This is a really good question, and I think Akhil does a great job answering.
I just wanted to add a bit.
So just like Akhil points out, cohomology theories are really spectra in disguise and as he states for every cohomology theory there is a homology theory. I am not aware of any of these homology theories that can be described as the homology of an associated complex other than ordinary homology. For example, I don't think anyone knows how to associate a complex to a space so that the homology of it is the K-theory of the space. So this is not how they come about, but the story is more interesting in fact.

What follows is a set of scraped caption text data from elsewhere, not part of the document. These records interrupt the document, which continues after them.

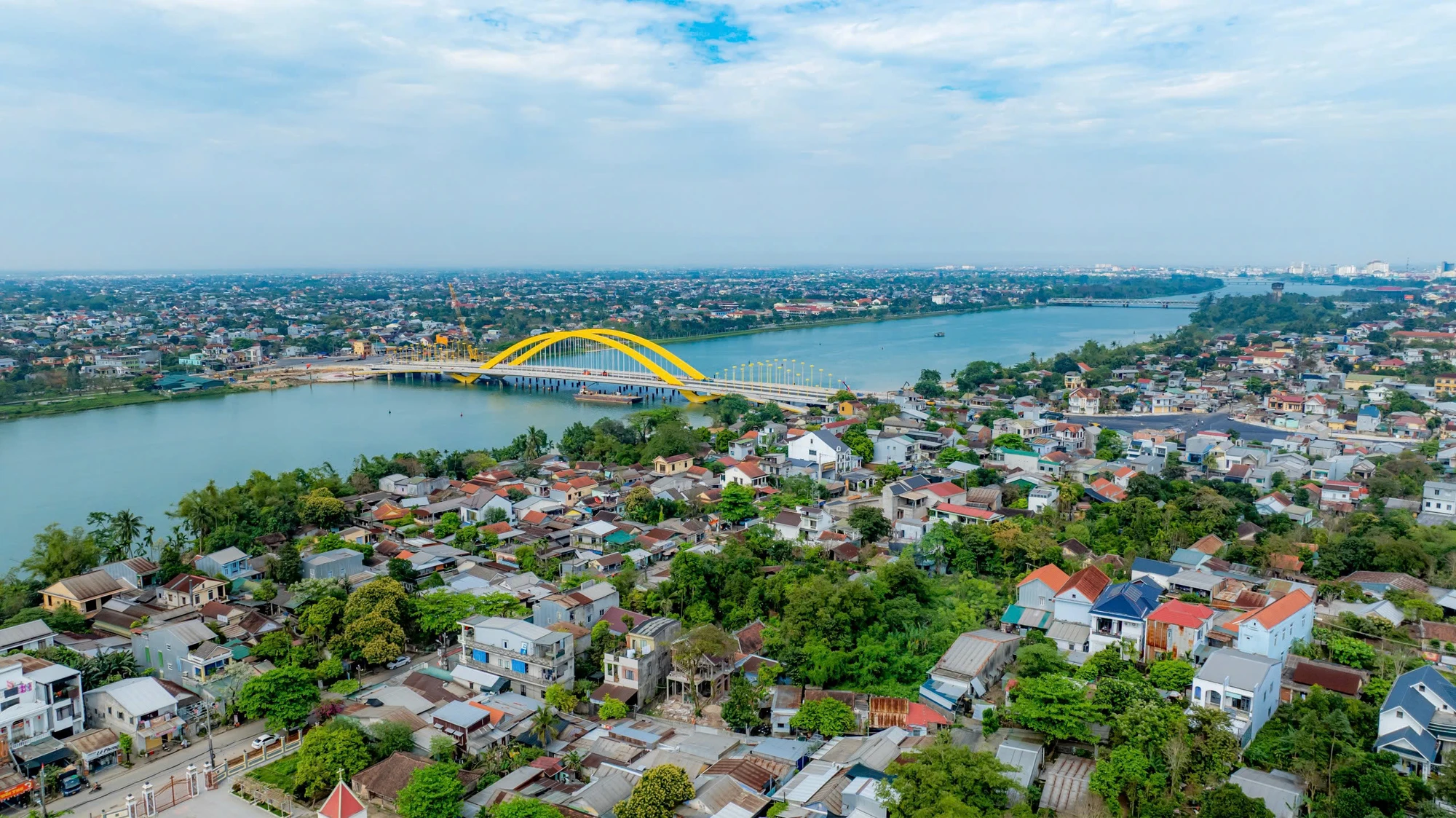 nhung-chiec-long-che-vua-tren-cay-cau-gan-2-300-ti-dong-qua-song-huong (6).jpg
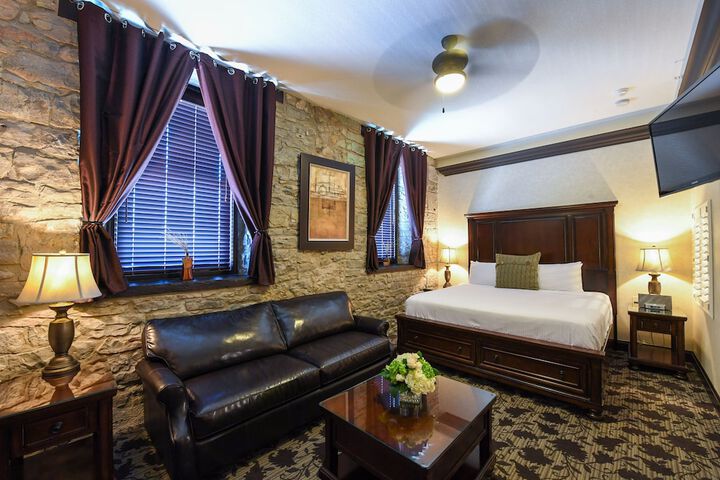 Room 8 of 46
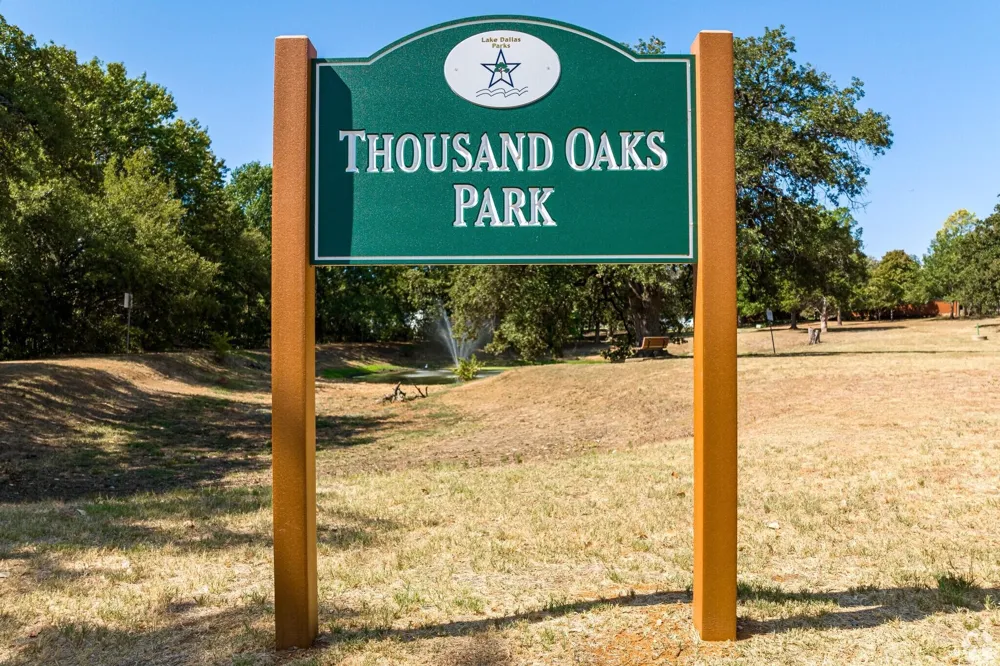 337 Bluewood Lane Lake Dallas, TX 75065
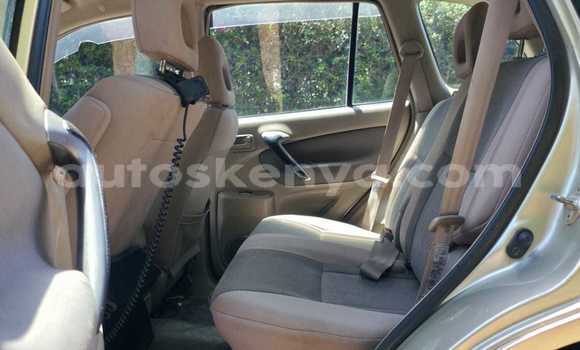 Oofamaa Toyota RAV4 Beige Makiinaa iti Nairobi keessatti Nairobi keessatti Oofamaa Toyota RAV4 Beige Makiinaa iti Nairobi keessatti Nairobi keessatti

They come from Geometry more or less, or at least that is where they started coming from. Things like (co)bordism and K-theory come from Geometry. Bordism is about manifolds that sit over the space you are interested in. K-theory is about vector bundles over your space. These are both obviously very geometric objects, the fact that homotopy theory can be used to study this is, to me, quite beautiful. These were the first two homology theories that people recognized after ordinary homology. They don't happen to satisfy one of the Eilendberg-Steenrod axioms, the one about the value on a point being concentrated in degree 0. These two theories started a lot of interesting things.

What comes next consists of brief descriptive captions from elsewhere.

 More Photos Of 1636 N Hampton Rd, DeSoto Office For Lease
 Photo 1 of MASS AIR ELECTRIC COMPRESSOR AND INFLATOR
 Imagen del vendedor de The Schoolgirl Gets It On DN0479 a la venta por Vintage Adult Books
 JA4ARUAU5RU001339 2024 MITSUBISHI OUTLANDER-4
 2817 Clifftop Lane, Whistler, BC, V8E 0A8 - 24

Other cohomology theories, as far as I know, are still lacking in geometric interpretations though. What I mean by that is we think of $\alpha \in K^0(X)$ as being an equivalence class of vector bundles over $X$ (when $X$ is nice enough). We can do something similar for $MG_*(X)$ but I am afraid I will get some dimensions off (here $G$ is the structure group of the stable normal bundle of the type of manifolds you are thinking about over $X$).
We can construct a lot of other cohomology theories though. They mostly come from looking at $MU$ which is universal in the sense you ask about, although not quite. $MU$ is universal among all complex oriented cohomology theories. A cohomology theory $E^*$ is complex oriented if it has a well behaved choice of Thom class $u(\xi) \in E^*T(\xi)$ for $\xi$ a complex vector bundle over $X$ ($T(\xi)$ is the Thom space of the complex vector bundle $\xi$). If we want to think about spectra, we would just say that there is a map of ring spectra $MU \to E$. I know some of this seems like jargon, and I would not worry about digesting it now, just know that such a thing does exist when you add different adjectives. However, I am not sure about the relation to Poincare duality, although I am sure it is relevant.
K-theory is something I would suggest you look at if you feel really comfortable with de Rham theory. I would recommend looking at May's Concise Course, he has some really well laid out stuff on K-theory and cobordism. It moves pretty quickly though.